Foto: Cuartoscuro

Ciudad de necios | Migrantes y chilanga banda

Opinión
Necios que odian a los migrantes. Necios que no se dan cuenta de que odiarlos es odiarnos a nosotros mismos

El Trump que los chilangos llevamos dentro está desatado. Pinche animal que no se queda quieto. Ayer llegaron cerca de 1,500 migrantes al Estadio Jesús Martínez “Palillo”, en la Ciudad Deportiva Magdalena Mixhuca. Las gradas se convirtieron en camas de cemento para hombres y mujeres que vienen caminando y trepando el coche que se pueda desde Centroamérica. Como si desde la tribuna los hermanos migrantes —que dejaron todo por encontrar algo mejor—, observaran la pista deportiva para ver si los chilangos los vamos a abrazar o si el espectáculo que daremos será uno de asquerosa discriminación y repudio.

Sus zapatos están rotos, sus países también. Por eso huyen, por eso buscan un mejor lugar para ellos y sus hijos pequeños que también los acompañan o que nacieron durante la caravana de hondureños, pero también salvadoreños, venezolanos, guatemaltecos y mexicanos.

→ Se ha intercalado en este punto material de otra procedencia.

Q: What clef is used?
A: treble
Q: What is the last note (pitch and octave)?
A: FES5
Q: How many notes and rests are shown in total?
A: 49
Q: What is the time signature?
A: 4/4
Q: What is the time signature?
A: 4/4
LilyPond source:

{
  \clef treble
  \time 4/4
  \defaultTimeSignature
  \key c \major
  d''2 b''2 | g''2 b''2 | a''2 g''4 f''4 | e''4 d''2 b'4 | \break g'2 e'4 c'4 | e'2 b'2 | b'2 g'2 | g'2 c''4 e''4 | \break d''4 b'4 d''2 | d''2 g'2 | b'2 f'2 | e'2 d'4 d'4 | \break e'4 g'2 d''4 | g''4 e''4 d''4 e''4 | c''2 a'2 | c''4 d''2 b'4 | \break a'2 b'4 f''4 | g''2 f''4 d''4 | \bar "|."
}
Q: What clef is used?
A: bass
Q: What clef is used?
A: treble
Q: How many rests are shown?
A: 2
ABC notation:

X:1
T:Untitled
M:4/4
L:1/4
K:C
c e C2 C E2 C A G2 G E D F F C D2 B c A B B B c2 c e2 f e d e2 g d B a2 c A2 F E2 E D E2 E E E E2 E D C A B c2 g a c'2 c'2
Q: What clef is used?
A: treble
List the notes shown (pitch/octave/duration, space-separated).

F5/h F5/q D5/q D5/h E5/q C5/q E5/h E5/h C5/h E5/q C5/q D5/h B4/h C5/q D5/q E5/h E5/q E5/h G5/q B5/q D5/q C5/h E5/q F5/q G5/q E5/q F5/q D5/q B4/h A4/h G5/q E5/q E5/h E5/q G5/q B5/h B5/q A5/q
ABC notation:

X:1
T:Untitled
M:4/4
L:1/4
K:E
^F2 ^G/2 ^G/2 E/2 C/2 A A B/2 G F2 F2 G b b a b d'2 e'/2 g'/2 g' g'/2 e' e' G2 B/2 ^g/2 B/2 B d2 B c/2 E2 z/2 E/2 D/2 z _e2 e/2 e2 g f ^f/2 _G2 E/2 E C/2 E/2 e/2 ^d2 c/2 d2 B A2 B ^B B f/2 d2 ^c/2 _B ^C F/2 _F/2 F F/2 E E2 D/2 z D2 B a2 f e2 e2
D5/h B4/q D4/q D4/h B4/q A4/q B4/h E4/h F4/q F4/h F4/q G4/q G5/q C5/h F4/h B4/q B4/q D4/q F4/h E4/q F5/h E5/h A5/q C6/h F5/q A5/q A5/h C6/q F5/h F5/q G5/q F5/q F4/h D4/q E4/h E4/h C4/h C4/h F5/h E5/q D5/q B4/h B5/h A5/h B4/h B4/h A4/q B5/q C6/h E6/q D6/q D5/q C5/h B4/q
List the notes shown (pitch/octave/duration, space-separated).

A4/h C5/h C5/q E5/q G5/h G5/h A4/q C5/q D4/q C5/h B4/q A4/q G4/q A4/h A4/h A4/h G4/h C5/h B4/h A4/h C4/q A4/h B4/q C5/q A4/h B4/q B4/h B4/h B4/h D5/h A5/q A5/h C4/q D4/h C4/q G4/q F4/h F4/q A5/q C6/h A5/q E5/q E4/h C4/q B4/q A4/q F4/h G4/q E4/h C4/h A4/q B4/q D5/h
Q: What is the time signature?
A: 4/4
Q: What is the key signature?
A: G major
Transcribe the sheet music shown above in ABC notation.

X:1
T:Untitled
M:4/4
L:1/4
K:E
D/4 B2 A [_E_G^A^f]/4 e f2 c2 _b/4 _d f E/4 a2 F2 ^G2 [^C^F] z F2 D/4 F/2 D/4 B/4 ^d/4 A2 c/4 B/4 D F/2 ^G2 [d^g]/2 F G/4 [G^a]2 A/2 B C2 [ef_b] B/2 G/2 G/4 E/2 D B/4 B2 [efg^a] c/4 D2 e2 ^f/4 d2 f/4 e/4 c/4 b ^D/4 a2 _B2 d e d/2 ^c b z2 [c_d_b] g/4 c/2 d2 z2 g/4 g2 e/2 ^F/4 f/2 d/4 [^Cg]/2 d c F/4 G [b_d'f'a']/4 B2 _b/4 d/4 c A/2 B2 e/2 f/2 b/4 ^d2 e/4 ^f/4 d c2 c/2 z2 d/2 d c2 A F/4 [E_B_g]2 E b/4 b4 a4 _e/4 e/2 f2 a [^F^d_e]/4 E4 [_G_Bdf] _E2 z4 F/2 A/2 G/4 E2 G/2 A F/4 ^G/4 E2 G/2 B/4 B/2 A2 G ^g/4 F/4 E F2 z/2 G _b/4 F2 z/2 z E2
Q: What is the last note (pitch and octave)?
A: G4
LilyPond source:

“Sus zapatos están rotos, sus países también. Por eso huyen, por eso buscan un mejor lugar”

El Trump que muchos chilangos llevan dentro no entiende que viajan en caravana para protegerse entre ellos, porque andar solos significa exponerse al crimen organizado que fácilmente los extorsionaría, asaltaría, explotaría sexualmente, secuestraría o asesinaría. A lo mejor, algunos se dan cuenta apenas de que los migrantes cruzaron ilegalmente por Chiapas, pero hay que saber que eso ocurre todos los días, nomás que ahora les estamos dando una cobertura mediática que nunca habían tenido. Todos los días sufren abusos y son amenazados. Por eso es que van juntos. Juntos, como quiera, hacen más complicado los abusos a los delincuentes.

No vienen a hacer shopping, no vienen de paseo. Creer que vienen a robarnos, a violar a las mujeres, a cometer delitos, es ponerle un altavoz al Trump que desde el interior de muchos grita: “Los migrantes son narcotraficantes, son delincuentes, son violadores, hay que tenerles miedo y rechazarlos”. Maremos de pamar. Aunque lo neguemos, los mexicanos somos racistas, clasistas, discriminadores y solemos ser peores que el xenófobo presidente de los Estados Unidos de América —no todos, claro, pero son más de los que creemos—. Así lo demostramos con nuestros comentarios y actitudes xenófobas en redes sociales. Afortunadamente, somos más los que empatizamos con ellos, según la más reciente encuesta en De las Heras Demotecnia sobre el tema (chéquenla en bit.ly/2yZApid): más de la mitad cree que debemos darles paso libre, 72% cree que no debe haber un muro entre México y Guatemala, pero hay un 21% al que le gustaría que lo construyéramos.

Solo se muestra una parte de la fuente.